*WORK TO COMPLETE*. Transcribe the listing below exactly, without pictures.

*RAW DATA*.
[Start of Attachment]
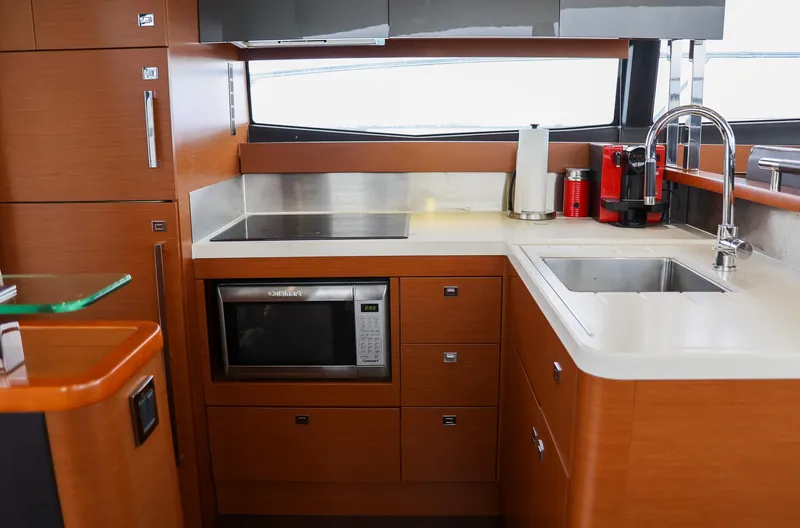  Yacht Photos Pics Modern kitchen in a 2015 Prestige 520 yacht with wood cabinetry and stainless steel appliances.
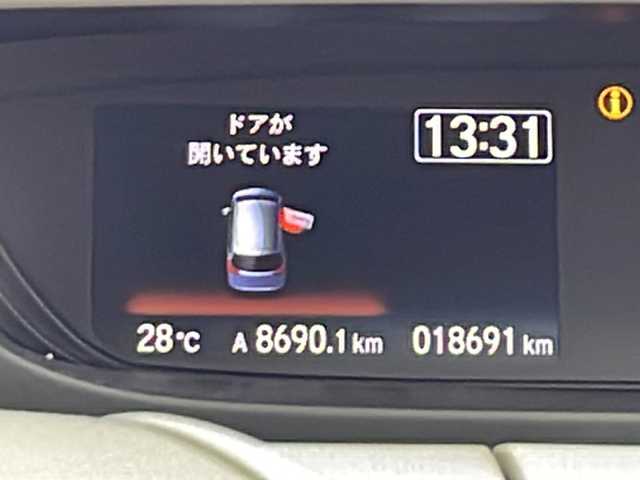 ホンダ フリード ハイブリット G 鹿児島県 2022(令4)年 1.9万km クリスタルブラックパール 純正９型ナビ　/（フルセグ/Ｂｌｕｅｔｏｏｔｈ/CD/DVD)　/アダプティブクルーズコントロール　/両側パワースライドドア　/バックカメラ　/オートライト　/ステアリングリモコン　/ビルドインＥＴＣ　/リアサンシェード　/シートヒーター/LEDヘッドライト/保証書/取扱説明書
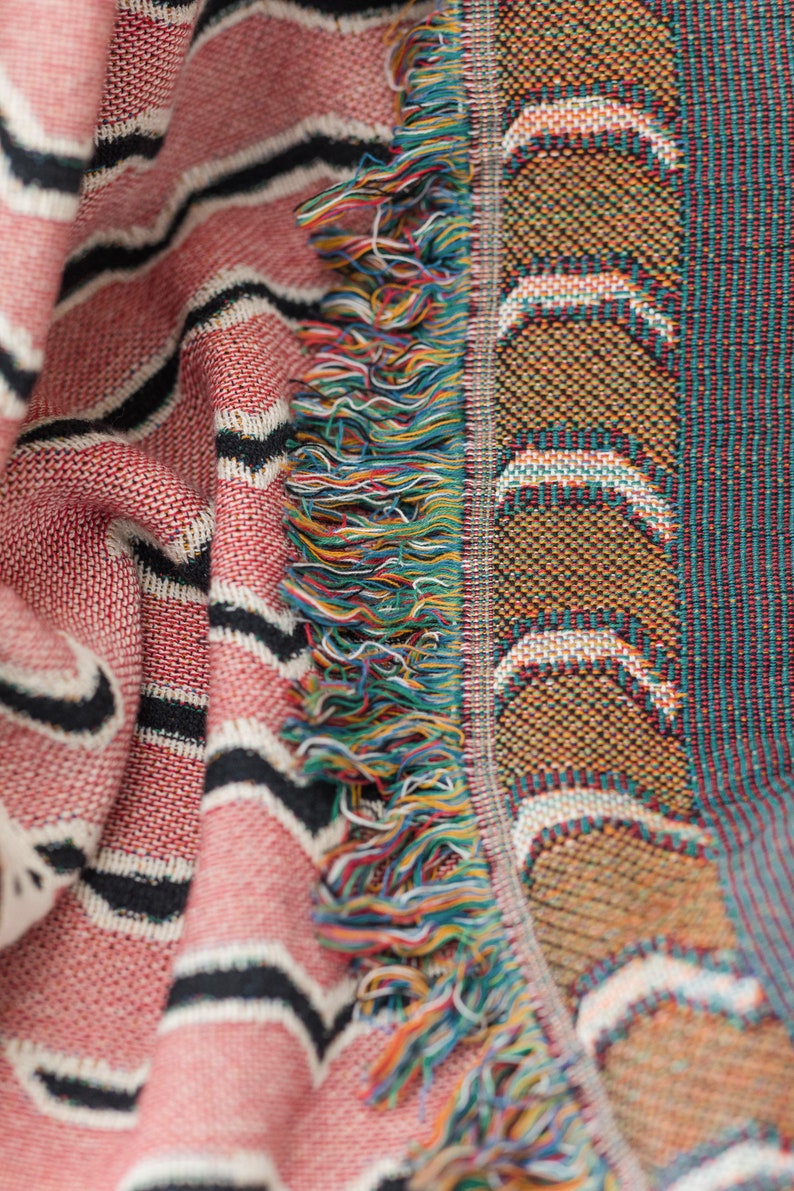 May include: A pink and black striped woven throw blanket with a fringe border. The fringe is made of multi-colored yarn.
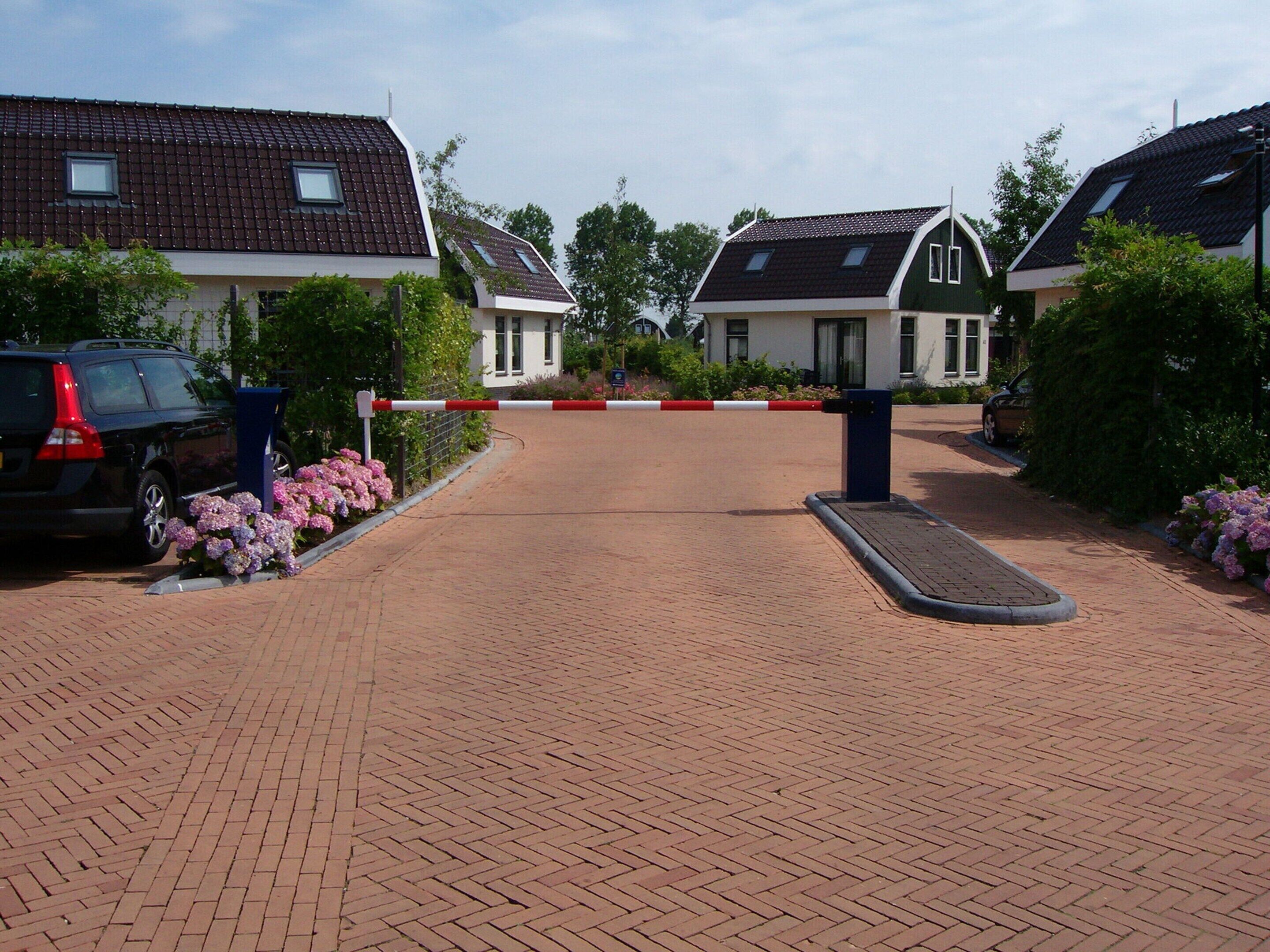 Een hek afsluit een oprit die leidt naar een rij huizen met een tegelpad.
[End of Attachment]
*RESPONSE TO THE EXERCISE*.
  Yacht Photos Pics Modern kitchen in a 2015 Prestige 520 yacht with wood cabinetry and stainless steel appliances.
 ホンダ フリード ハイブリット G 鹿児島県 2022(令4)年 1.9万km クリスタルブラックパール 純正９型ナビ　/（フルセグ/Ｂｌｕｅｔｏｏｔｈ/CD/DVD)　/アダプティブクルーズコントロール　/両側パワースライドドア　/バックカメラ　/オートライト　/ステアリングリモコン　/ビルドインＥＴＣ　/リアサンシェード　/シートヒーター/LEDヘッドライト/保証書/取扱説明書
 May include: A pink and black striped woven throw blanket with a fringe border. The fringe is made of multi-colored yarn.
 Een hek afsluit een oprit die leidt naar een rij huizen met een tegelpad.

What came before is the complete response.